Moses Pullen: Scholarly Inventor Balancing Teaching and Tinkering
Moses first enters the historical records in 1841 as a 20-year old mechanic residing in industrial Bolton. But by 1851 a passion for academics had led him to become a schoolmaster in Manchester where he met and married a woman named Ann. Moses continued teaching while now fathering seven daughters and a son named William, who was born in 1856 after the family moved to Painswick, Gloucestershire.

[insert photo of 19th century Manchester]

Manchester in the 1800s underwent booming industrialization. This manufacturing hub nurtured Moses’ mechanical interests, undoubtedly influencing his later inventing. By the 1860s while conducting science classes, Moses gained a particularly eager pupil named Alexander Bickerton. Little did he know, Bickerton would grow up to become New Zealand’s first chemistry professor!

As Moses raised his children in the 1870 Painswick household, census records reveal his role solely as a teacher. Young son William had become a pupil-teacher himself by 1971. Tragically just a decade later though, family records indicate Moses’ wife Ann died leaving him a widower with 4 unmarried daughters.
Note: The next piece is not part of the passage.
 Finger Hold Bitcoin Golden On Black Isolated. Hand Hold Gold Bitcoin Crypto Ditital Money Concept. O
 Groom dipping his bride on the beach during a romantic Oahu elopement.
Despite the hardship, Moses carried on – little did he know his greatest invention lay just ahead!

[insert photo of antique schoolhouse]

From Schoolhouse to Startup: Moses and William’s Calculating Quest
Moses briefly ran Bentham Grammar School as headmaster from 1874-1876 before resigning to pursue inventing. Now in his 50s, Moses partnered with William, freshly an adult at age 18, to develop an extraordinary innovation – a mechanical calculating device dubbed the “Bentham Calculating Machine”.

The Bentham Calculating Machine: A Mechanical Marvel
[insert patent document image] Awarded a British patent in 1874, this wood and brass machine represented a major 19th century advancement in computing equipment. The Bentham device featured mechanical components allowing users to accurately and efficiently add long columns or sets of numbers. Its clever clockwork construction made Moses and William early pioneers in computing technology years before electronics!
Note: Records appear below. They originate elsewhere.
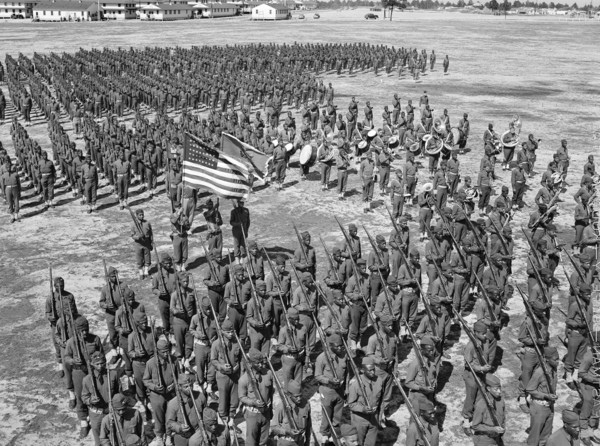 Soldiers of 41st Engineers in formation on Parade Ground with Sergeant Franklin Williams in color guard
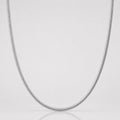 Silver chain necklace on a light gray background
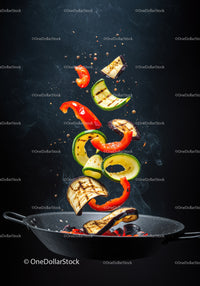Grilled vegetables tossed midair in black frying pan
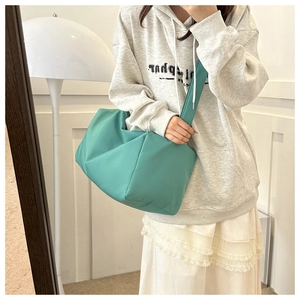 Detail of mint green quilted nylon pillow bag with wide shoulder strap on model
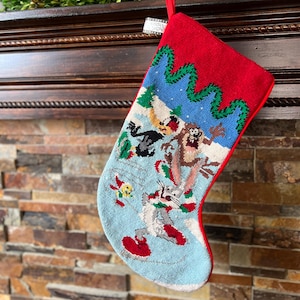 May include: A Christmas stocking with a red cuff and trim, featuring a cartoon scene with Bugs Bunny and other Looney Tunes characters. The stocking is hanging on a dark wooden mantelpiece, with a green wreath above.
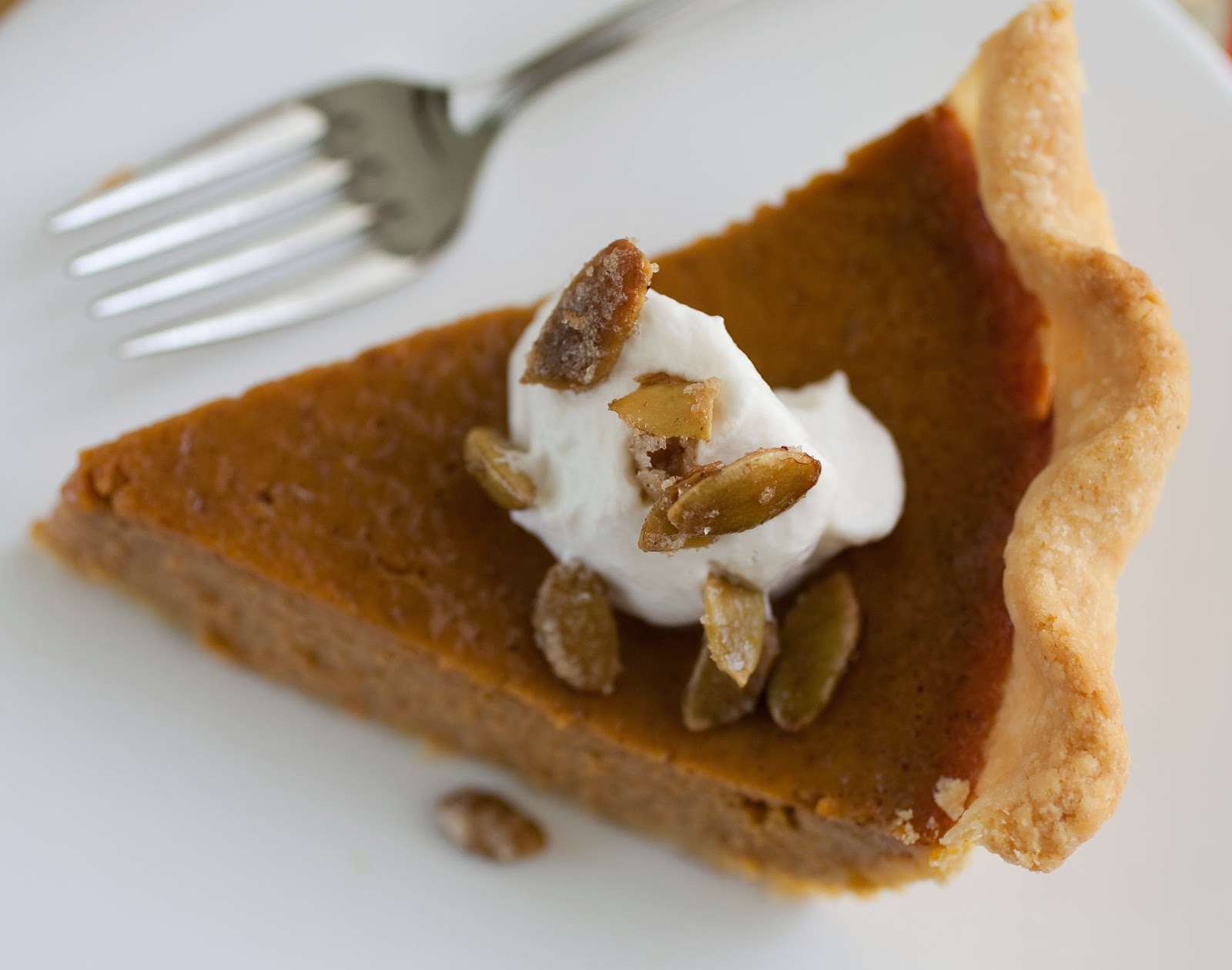 perfect pumpkin pie with maple whipped cream and sugared pumpkin seeds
[insert diagram of internal machine parts] Internally, rotating brass gears enabled numerical addition while results displayed through tiny windows showed outputs.Operators could conveniently clear results and enter new values by adjusting refereshingly tactile wood and metal dials. It was a steampunk precursor to today‘s slick calculators!
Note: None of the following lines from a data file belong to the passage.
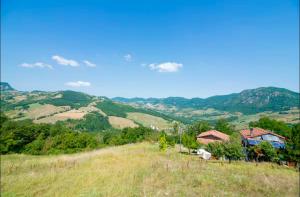 a house on a hill with mountains in the background at Stonehouse LOFT MARTA in Vergato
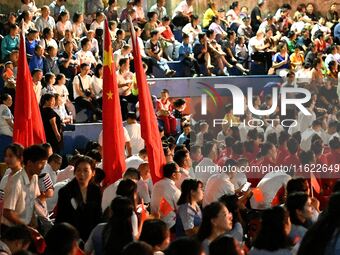 A large number of audience members and actors sing ''Me and My Motherland'' together at the celebration of the 75th anniversary of the found...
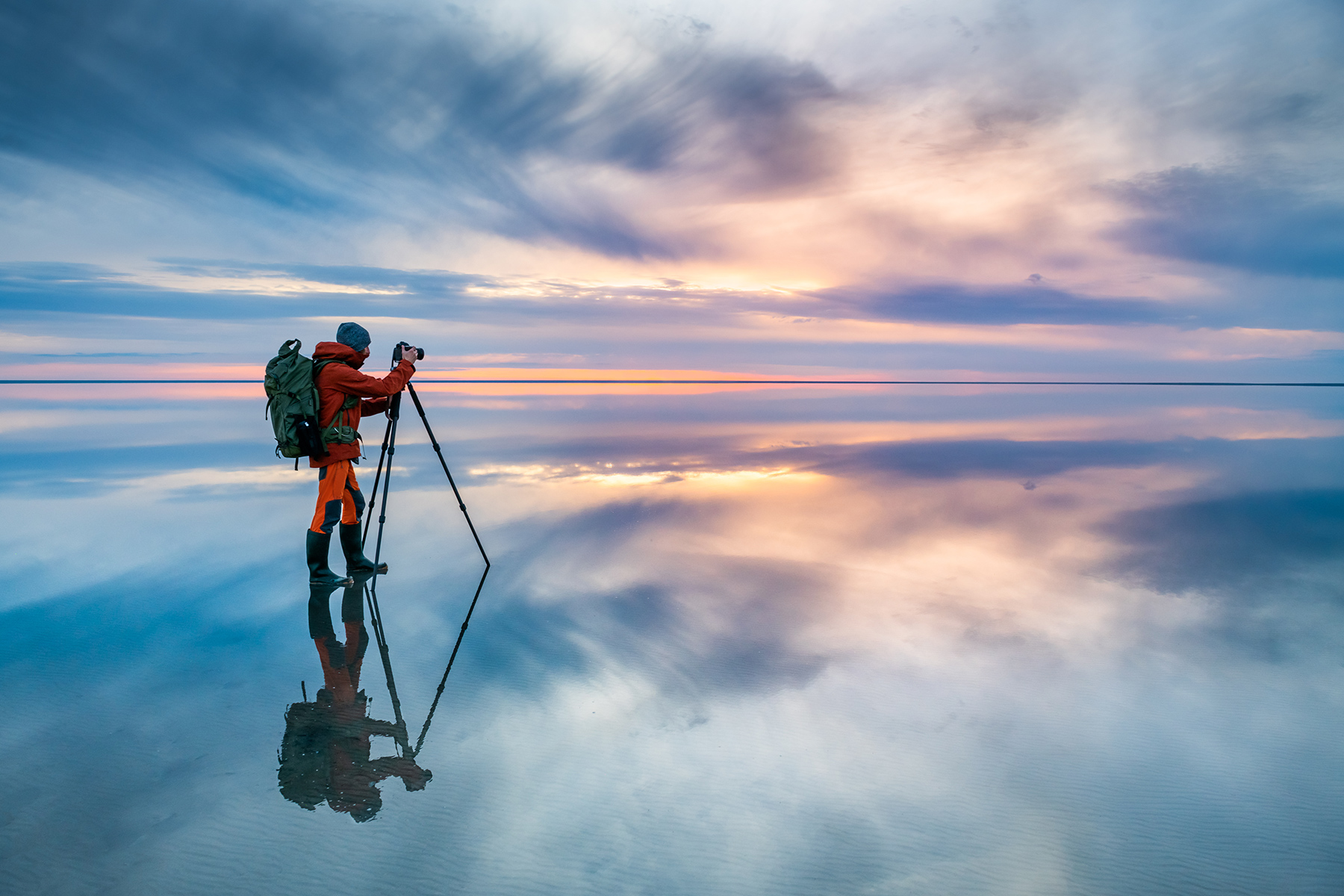 A nature photographer standing on an illuminated shallow lake capturing the sunset that is reflecting across the horizon.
By 1875, Moses and William ambitiously moved into startup mode by founding the Bentham Calculating Machine Company. They built an impressive two-story brick factory featuring modern equipment like a grinding wheel, punching tools and four horsepower engine to produce their invention. Check out this 19th century maker space!

[insert image of factory]

Investor Capital Fuels Mass Production and Market Potential
Moses and William astutely sought investors to launch large scale manufacturing. Offering 2000 shares at £5 per share brought in £10,000 of capital by 1875 – equivalent to over £1 million pounds today! Clearly the calculating device showed commercial promise.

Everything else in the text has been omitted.